Wanless is investing big in recycling waste into new products ranging from cars and mobile phones to road-base and building products, says Glen Norris in The Courier-Mail. In these current turbulent times, it is more important than ever to protect our environment.
Here is Norris’s report:
Three storeys up in a bullet-proof control room, Artur Michta is monitoring old car engines, hot water systems and roofing material moving up a conveyor belt into a huge $20 million state-of-the-art hammer mill.
Using a joy-stick, Michta is able to adjust the speed of the tonnes of scrap being offloaded from the belt into huge hammers and crushers in the heart of the machine.
Like a giant cheese grater the machine shreds the scrap, collected from factories, demolition sites and junk yards, into small pieces for processing.
“I am always on the lookout for gas bottles or fuel tanks that could explode,” says Michta, adding the reason he operates in a booth encased to protect him in case something flies out of the machine.
Coopers Plains-based Action Metal Recyclers, founded by Ron Wanless in the late 1950s, is investing big in the so-called circular economy where an increasing amount of waste will be recycled by manufacturers into new products, ranging from cars and mobile phones to road-base and building products.
A circular economy that reuses all waste could create a $4.5 trillion commercial opportunity worldwide, support new jobs and reduce greenhouse emissions.
Now run by Ron’s son Dean, Wanless is planning a $50 million recycling park at a dormant coal mining site at Ebenezer, near Ipswich, that will recycle everything from timber to plastic.

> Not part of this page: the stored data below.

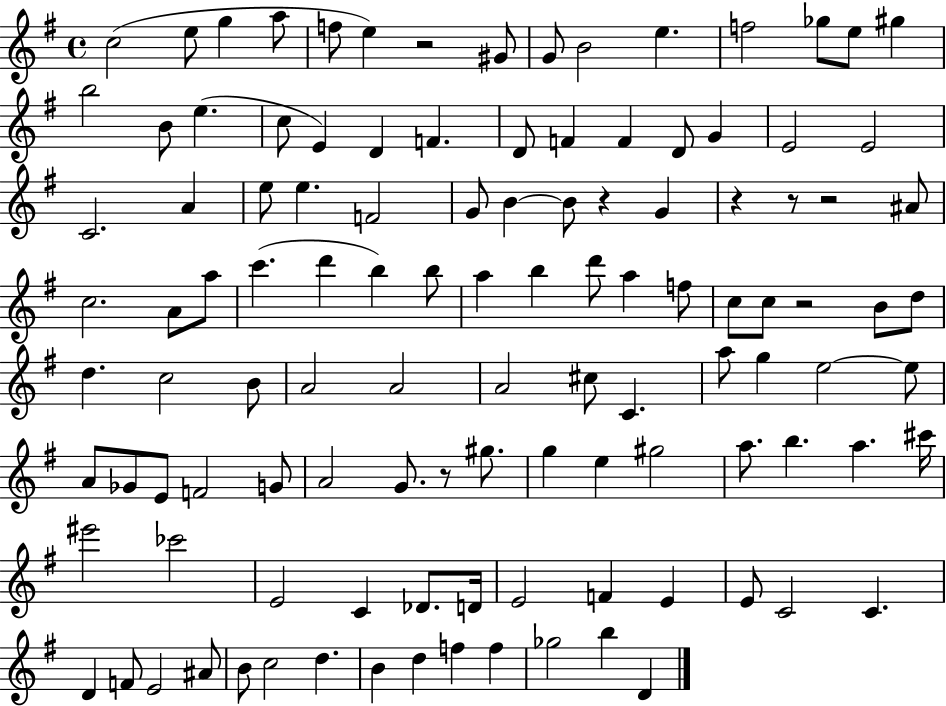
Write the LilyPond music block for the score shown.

{
  \clef treble
  \time 4/4
  \defaultTimeSignature
  \key g \major
  c''2( e''8 g''4 a''8 | f''8 e''4) r2 gis'8 | g'8 b'2 e''4. | f''2 ges''8 e''8 gis''4 | \break b''2 b'8 e''4.( | c''8 e'4) d'4 f'4. | d'8 f'4 f'4 d'8 g'4 | e'2 e'2 | \break c'2. a'4 | e''8 e''4. f'2 | g'8 b'4~~ b'8 r4 g'4 | r4 r8 r2 ais'8 | \break c''2. a'8 a''8 | c'''4.( d'''4 b''4) b''8 | a''4 b''4 d'''8 a''4 f''8 | c''8 c''8 r2 b'8 d''8 | \break d''4. c''2 b'8 | a'2 a'2 | a'2 cis''8 c'4. | a''8 g''4 e''2~~ e''8 | \break a'8 ges'8 e'8 f'2 g'8 | a'2 g'8. r8 gis''8. | g''4 e''4 gis''2 | a''8. b''4. a''4. cis'''16 | \break eis'''2 ces'''2 | e'2 c'4 des'8. d'16 | e'2 f'4 e'4 | e'8 c'2 c'4. | \break d'4 f'8 e'2 ais'8 | b'8 c''2 d''4. | b'4 d''4 f''4 f''4 | ges''2 b''4 d'4 | \break \bar "|."
} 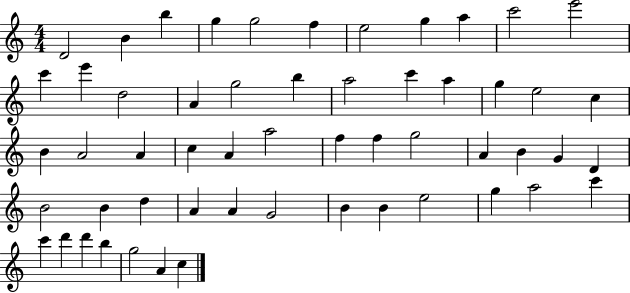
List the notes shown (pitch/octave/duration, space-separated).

D4/h B4/q B5/q G5/q G5/h F5/q E5/h G5/q A5/q C6/h E6/h C6/q E6/q D5/h A4/q G5/h B5/q A5/h C6/q A5/q G5/q E5/h C5/q B4/q A4/h A4/q C5/q A4/q A5/h F5/q F5/q G5/h A4/q B4/q G4/q D4/q B4/h B4/q D5/q A4/q A4/q G4/h B4/q B4/q E5/h G5/q A5/h C6/q C6/q D6/q D6/q B5/q G5/h A4/q C5/q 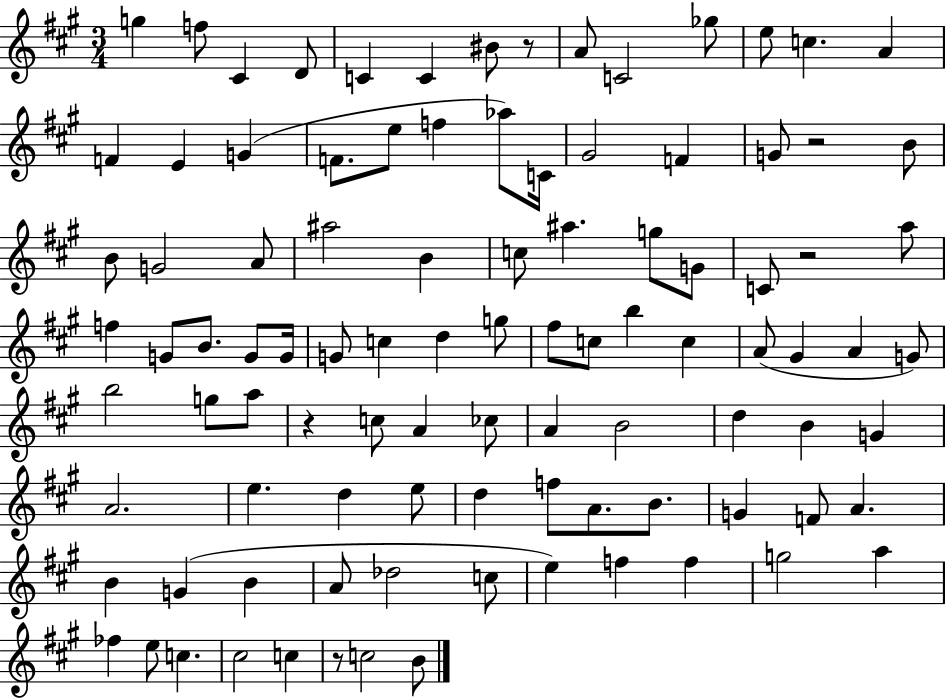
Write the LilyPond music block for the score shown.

{
  \clef treble
  \numericTimeSignature
  \time 3/4
  \key a \major
  g''4 f''8 cis'4 d'8 | c'4 c'4 bis'8 r8 | a'8 c'2 ges''8 | e''8 c''4. a'4 | \break f'4 e'4 g'4( | f'8. e''8 f''4 aes''8) c'16 | gis'2 f'4 | g'8 r2 b'8 | \break b'8 g'2 a'8 | ais''2 b'4 | c''8 ais''4. g''8 g'8 | c'8 r2 a''8 | \break f''4 g'8 b'8. g'8 g'16 | g'8 c''4 d''4 g''8 | fis''8 c''8 b''4 c''4 | a'8( gis'4 a'4 g'8) | \break b''2 g''8 a''8 | r4 c''8 a'4 ces''8 | a'4 b'2 | d''4 b'4 g'4 | \break a'2. | e''4. d''4 e''8 | d''4 f''8 a'8. b'8. | g'4 f'8 a'4. | \break b'4 g'4( b'4 | a'8 des''2 c''8 | e''4) f''4 f''4 | g''2 a''4 | \break fes''4 e''8 c''4. | cis''2 c''4 | r8 c''2 b'8 | \bar "|."
} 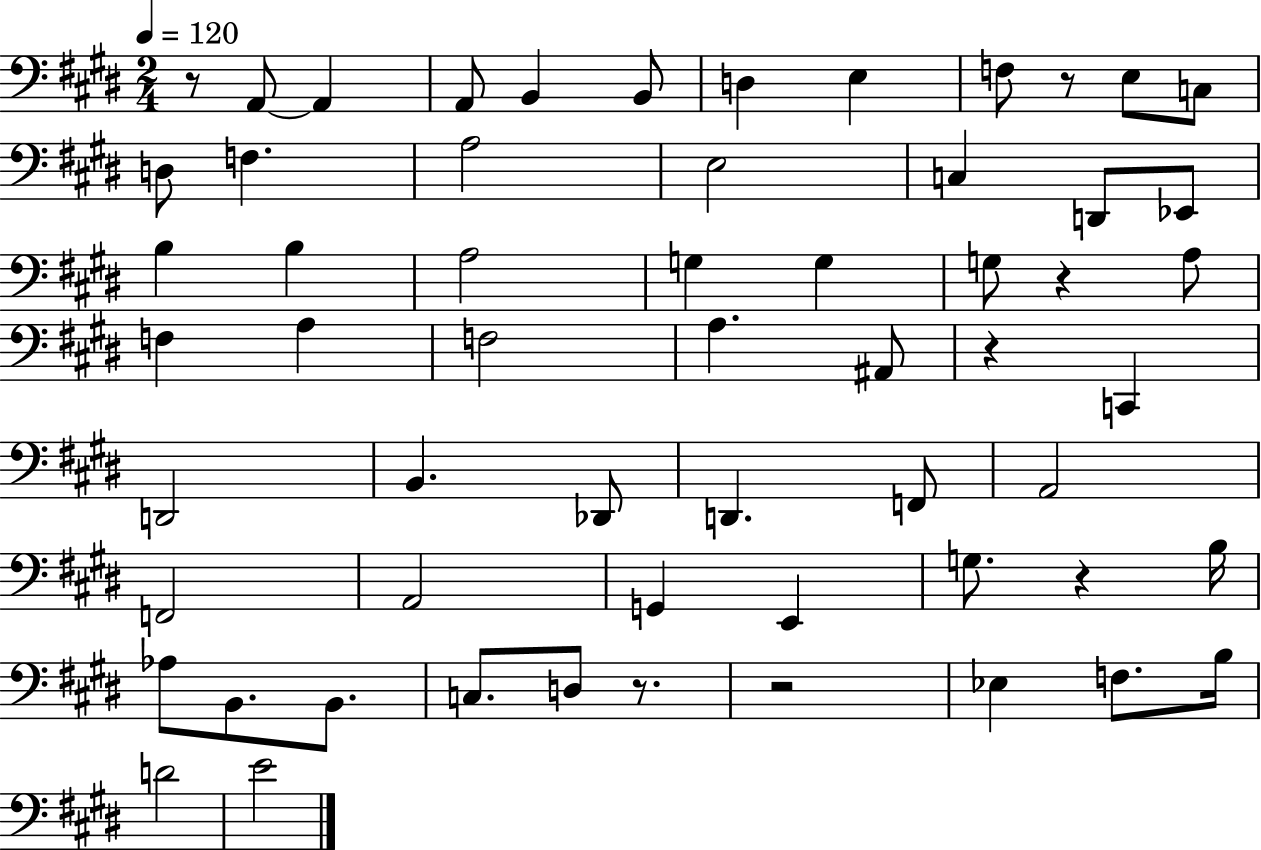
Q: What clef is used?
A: bass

Recycling is becoming high-tech as demand for certain recycled materials such as copper and cardboard increases.
In the past two years, the Coopers Plains facility has added computerised sorting and crushing machines that replace much of the hard-scrabble work that used to have to be done by hand.
Each year, Wanless in south-east Queensland produces enough scrap metal to make the equivalent of 100,000 news cars.
That includes 130,000 tonnes of ferrous scrap and 30 tonnes of non-ferrous scrap, including copper and aluminium, all of which is exported to smelters in India, China and other nations across the region.
The hammer mill shredder is able to sort non-ferrous material such as copper, tin and plastics using 3D imagery and colours.
“Once a type of material such as copper or foam is identified, a jet of air is used to blow it off the conveyor belt and it is sent to another area to be processed,” Carlile says.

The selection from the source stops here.